Since that historic win in 2007, Chestnut has gone on to dominate the annual competition. He won the next 7 years in a row, made much easier with the disappearance of Kobayashi from the playing field. He didn’t actually disappear; he felt he was worth more than Major League Eating offered him, so he refused to sign a contract. In fact, in 2009 he showed up to view the contest, eventually being arrested for disrupting the event by jumping on the stage.
Chestnut was lapping the competition each year, much like his predecessor. In fact, it wasn’t even that fun to watch for us; they shortened the time of the event down to 10 minutes, and he was still eating 60 or so hot dogs, which made it even more grotesque to watch. But then, in 2015, the 8-time champion was unseated in a major upset by Matt “Megatoad” Stonie. The crowd, the betting world, and most lovers of hot dogs were all left in shock. But no one was more upset than Chestnut himself, as you could hear in his voice in the post “game” interview. He vowed revenge, and sure enough, he got it. Last year, “Jaws” took back the title with a jaw-dropping 70 hot dogs eaten in 10 minutes.

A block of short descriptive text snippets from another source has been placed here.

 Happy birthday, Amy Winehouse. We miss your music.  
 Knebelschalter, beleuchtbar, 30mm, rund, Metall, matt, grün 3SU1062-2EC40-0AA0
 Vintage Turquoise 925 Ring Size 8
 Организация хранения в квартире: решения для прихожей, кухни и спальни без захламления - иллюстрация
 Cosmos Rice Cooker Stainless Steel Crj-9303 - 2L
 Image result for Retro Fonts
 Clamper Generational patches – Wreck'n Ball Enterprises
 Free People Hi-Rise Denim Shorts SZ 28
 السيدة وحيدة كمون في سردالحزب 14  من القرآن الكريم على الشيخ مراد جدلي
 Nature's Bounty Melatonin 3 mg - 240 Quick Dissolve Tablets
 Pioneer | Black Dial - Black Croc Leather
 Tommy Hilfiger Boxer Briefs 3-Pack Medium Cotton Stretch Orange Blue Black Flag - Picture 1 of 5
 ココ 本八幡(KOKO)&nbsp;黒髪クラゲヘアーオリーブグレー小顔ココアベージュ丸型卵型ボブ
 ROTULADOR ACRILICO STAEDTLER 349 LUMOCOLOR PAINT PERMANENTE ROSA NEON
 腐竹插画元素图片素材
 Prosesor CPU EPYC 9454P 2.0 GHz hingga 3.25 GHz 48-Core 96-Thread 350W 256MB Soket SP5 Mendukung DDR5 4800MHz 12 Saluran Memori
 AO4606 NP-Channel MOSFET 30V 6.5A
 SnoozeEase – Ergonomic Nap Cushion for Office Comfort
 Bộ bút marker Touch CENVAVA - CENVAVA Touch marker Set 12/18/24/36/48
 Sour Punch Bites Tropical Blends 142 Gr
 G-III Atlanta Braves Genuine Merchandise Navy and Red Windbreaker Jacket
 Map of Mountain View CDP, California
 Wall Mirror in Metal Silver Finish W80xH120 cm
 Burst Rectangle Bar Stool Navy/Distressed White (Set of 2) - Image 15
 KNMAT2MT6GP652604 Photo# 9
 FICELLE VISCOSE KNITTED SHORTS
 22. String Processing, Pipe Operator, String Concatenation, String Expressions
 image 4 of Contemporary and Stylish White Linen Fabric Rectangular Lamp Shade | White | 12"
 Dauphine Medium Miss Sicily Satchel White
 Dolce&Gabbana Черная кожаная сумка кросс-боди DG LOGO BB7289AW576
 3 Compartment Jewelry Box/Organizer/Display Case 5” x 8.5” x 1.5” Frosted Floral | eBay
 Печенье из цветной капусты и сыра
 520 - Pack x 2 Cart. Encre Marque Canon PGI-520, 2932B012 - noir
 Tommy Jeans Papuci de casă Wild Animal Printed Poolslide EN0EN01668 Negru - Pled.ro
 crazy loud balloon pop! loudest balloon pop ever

So, this year when you are gathered with friends and family on the 4th, see how many hot dogs you can eat in a minute. One? Maybe two? Definitely not three without being an embarrassment to the family. Then think about eating 7 in a minute, every minute, for the next 10. After you wrap your head around that, maybe you too will give these guys a little more credit for what they do, and you will sneak off around noon to a nearby TV and see what the final total will be this year. I know I will be…and who am I kidding, I will definitely be betting on the outcome.